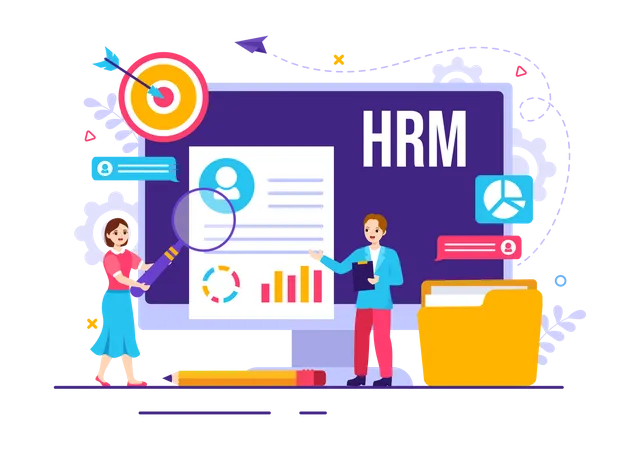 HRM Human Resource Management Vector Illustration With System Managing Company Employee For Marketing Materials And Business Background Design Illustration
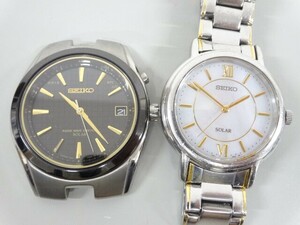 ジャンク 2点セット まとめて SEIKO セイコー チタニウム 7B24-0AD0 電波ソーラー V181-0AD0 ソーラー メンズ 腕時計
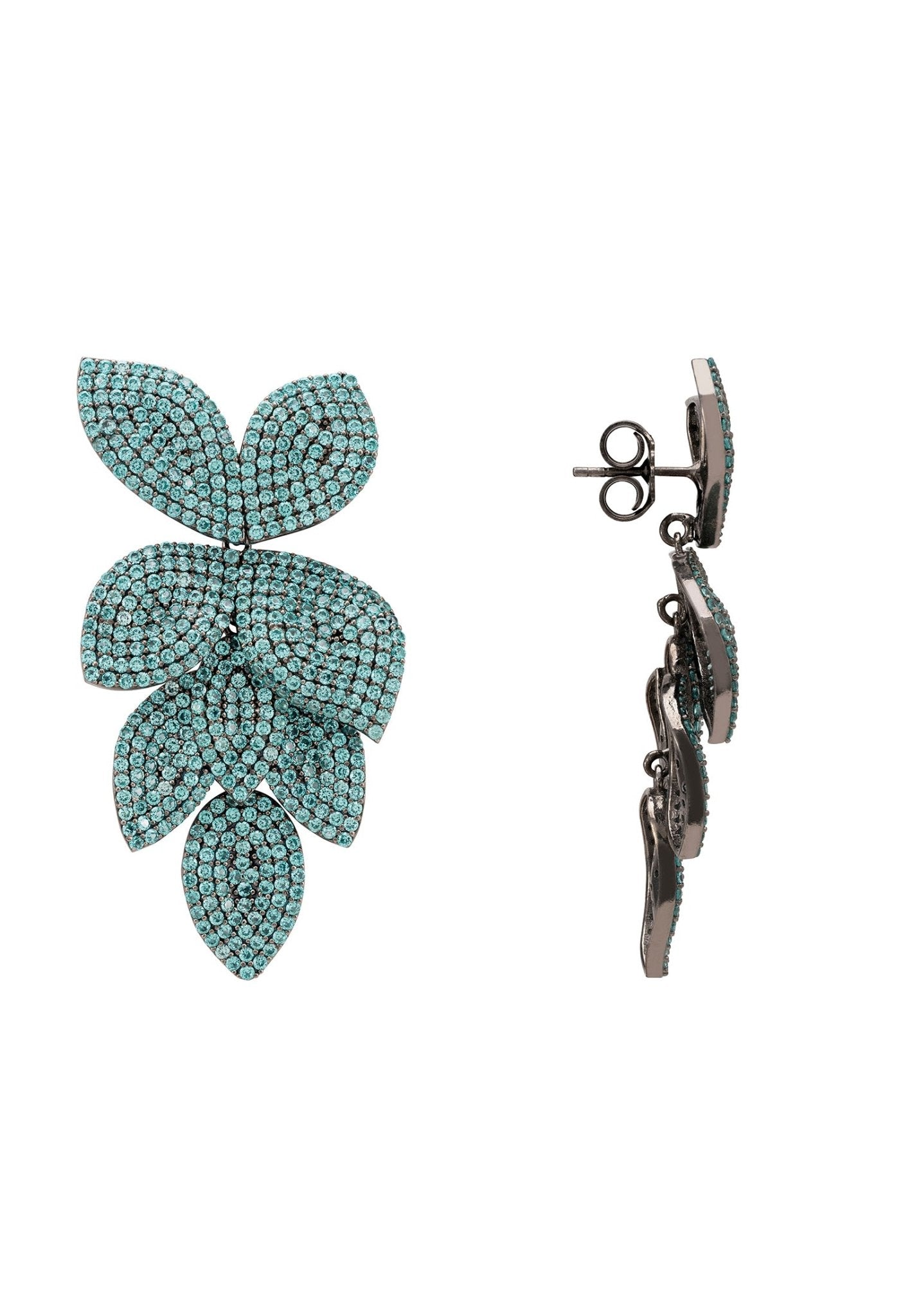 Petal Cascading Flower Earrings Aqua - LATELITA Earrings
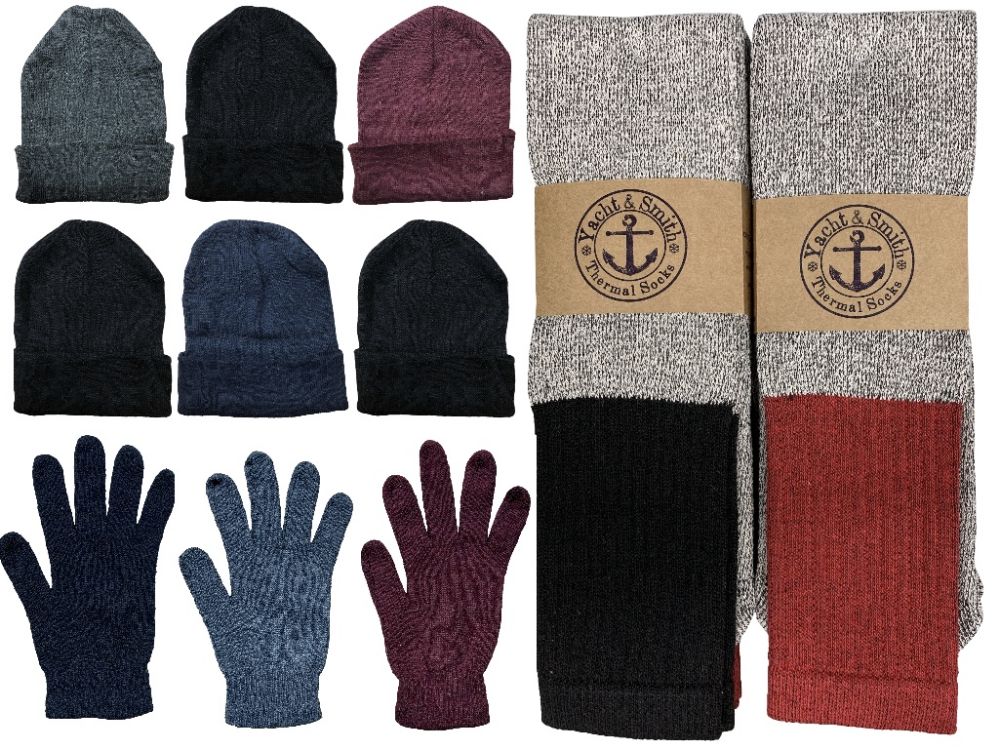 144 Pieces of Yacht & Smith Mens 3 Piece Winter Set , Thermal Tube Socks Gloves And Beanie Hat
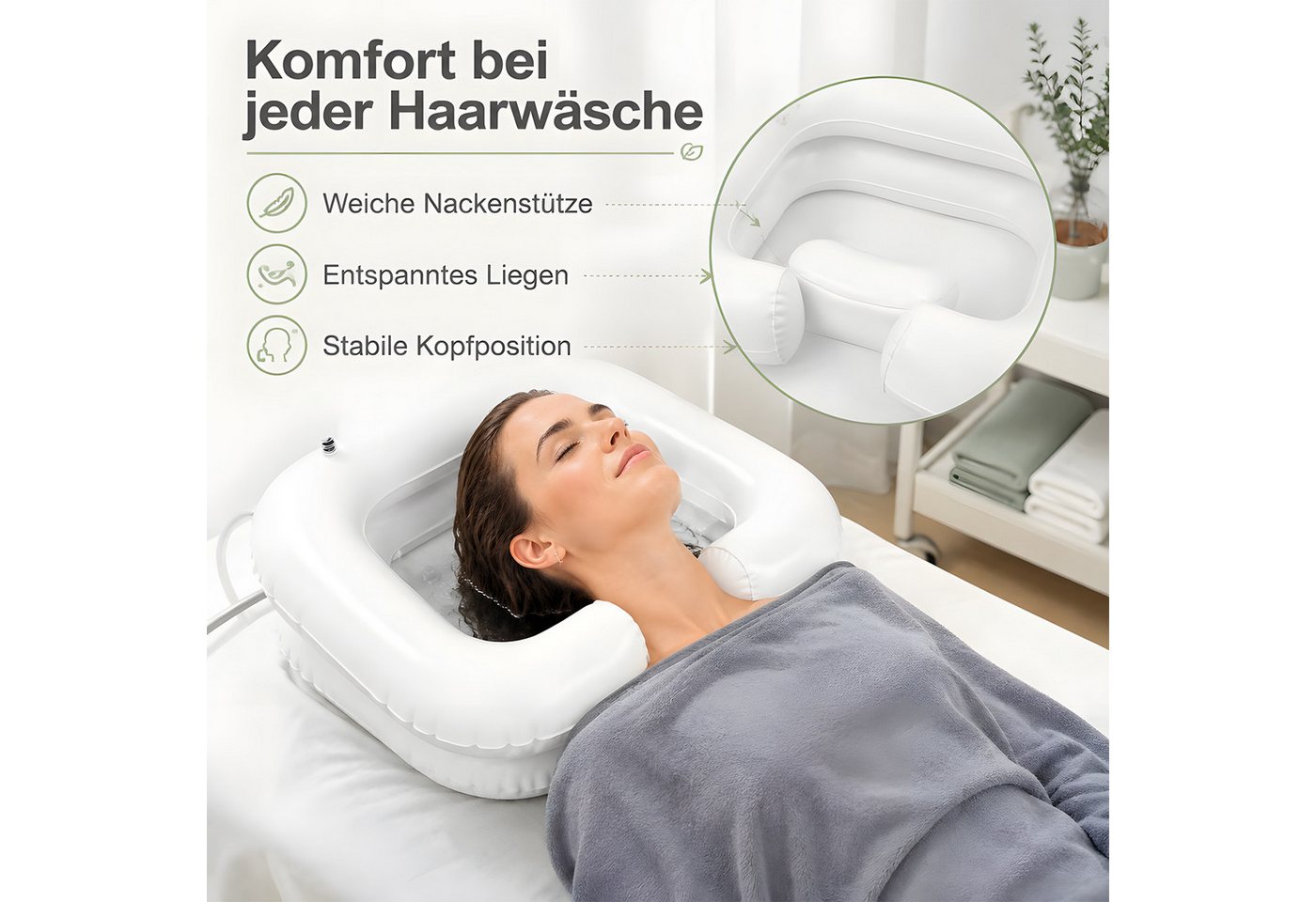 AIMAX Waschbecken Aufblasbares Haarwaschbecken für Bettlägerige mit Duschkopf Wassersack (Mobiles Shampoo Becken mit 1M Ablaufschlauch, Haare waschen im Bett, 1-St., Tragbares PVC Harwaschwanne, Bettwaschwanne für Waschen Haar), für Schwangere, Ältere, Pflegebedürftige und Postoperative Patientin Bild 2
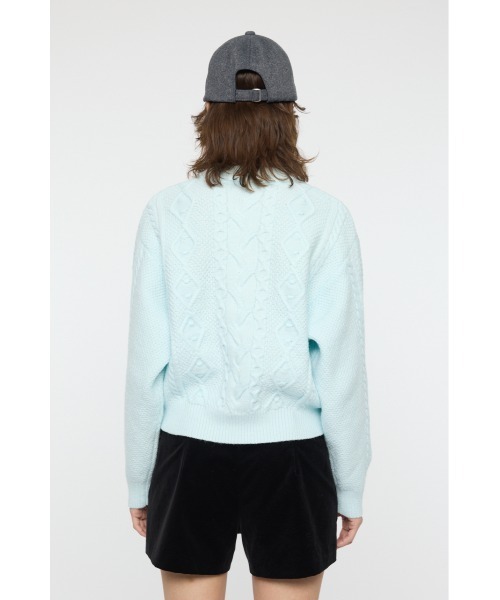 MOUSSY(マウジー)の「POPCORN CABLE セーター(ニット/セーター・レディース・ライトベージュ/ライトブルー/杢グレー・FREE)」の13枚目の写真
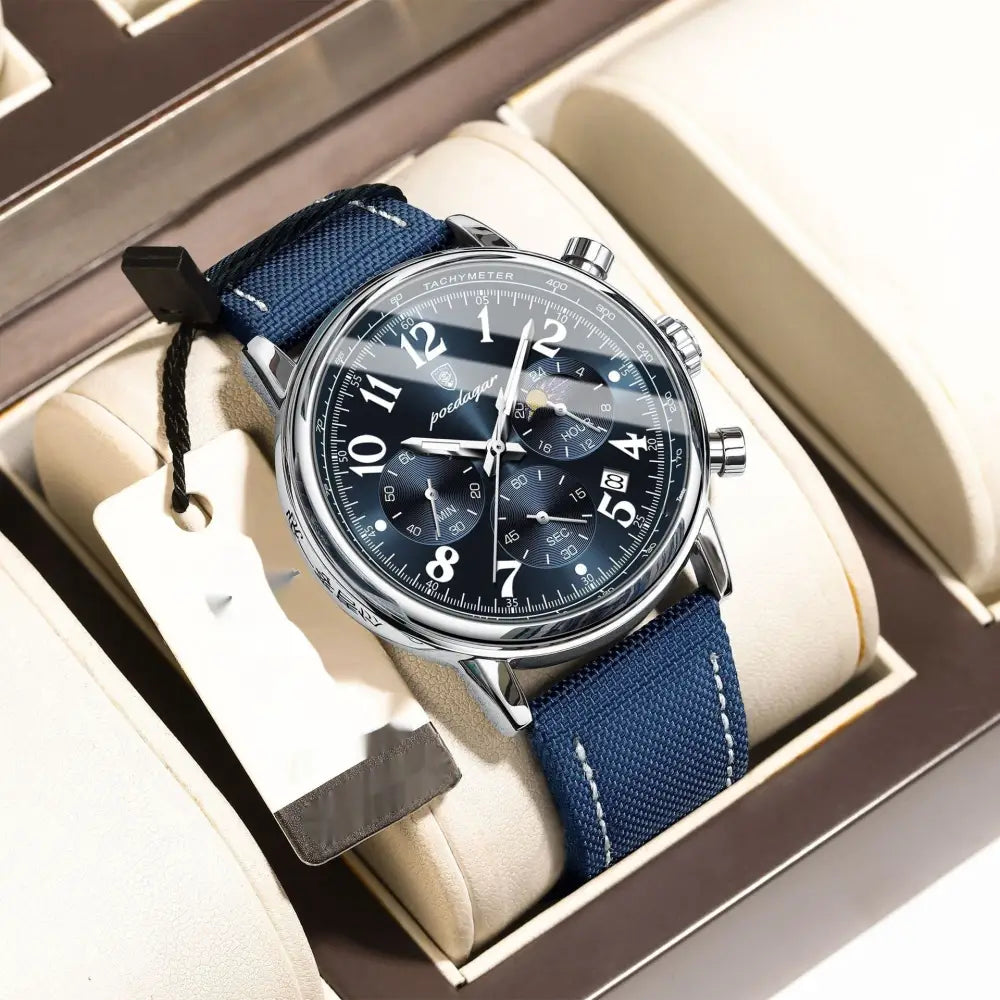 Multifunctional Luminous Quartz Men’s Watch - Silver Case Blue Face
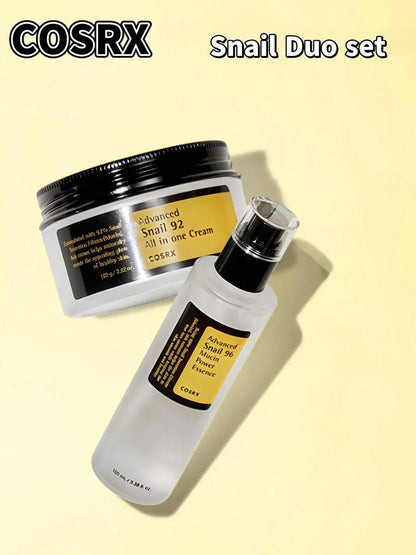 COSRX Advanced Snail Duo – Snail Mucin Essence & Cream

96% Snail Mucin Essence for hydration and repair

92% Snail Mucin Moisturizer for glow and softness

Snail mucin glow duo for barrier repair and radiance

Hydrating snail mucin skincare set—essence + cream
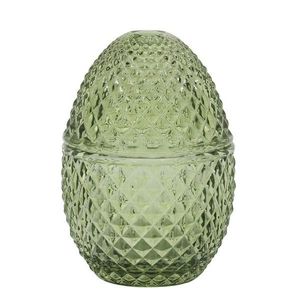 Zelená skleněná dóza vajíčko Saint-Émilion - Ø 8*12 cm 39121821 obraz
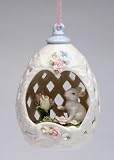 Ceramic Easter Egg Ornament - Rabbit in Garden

### REQUIRED ACTION
Write out, exactly, the lines of the material from the very first through the line containing "144 Pieces of", and leave out every picture.

### ANSWER TO THIS EXERCISE
 HRM Human Resource Management Vector Illustration With System Managing Company Employee For Marketing Materials And Business Background Design Illustration
 ジャンク 2点セット まとめて SEIKO セイコー チタニウム 7B24-0AD0 電波ソーラー V181-0AD0 ソーラー メンズ 腕時計
 Petal Cascading Flower Earrings Aqua - LATELITA Earrings
 144 Pieces of Yacht & Smith Mens 3 Piece Winter Set , Thermal Tube Socks Gloves And Beanie Hat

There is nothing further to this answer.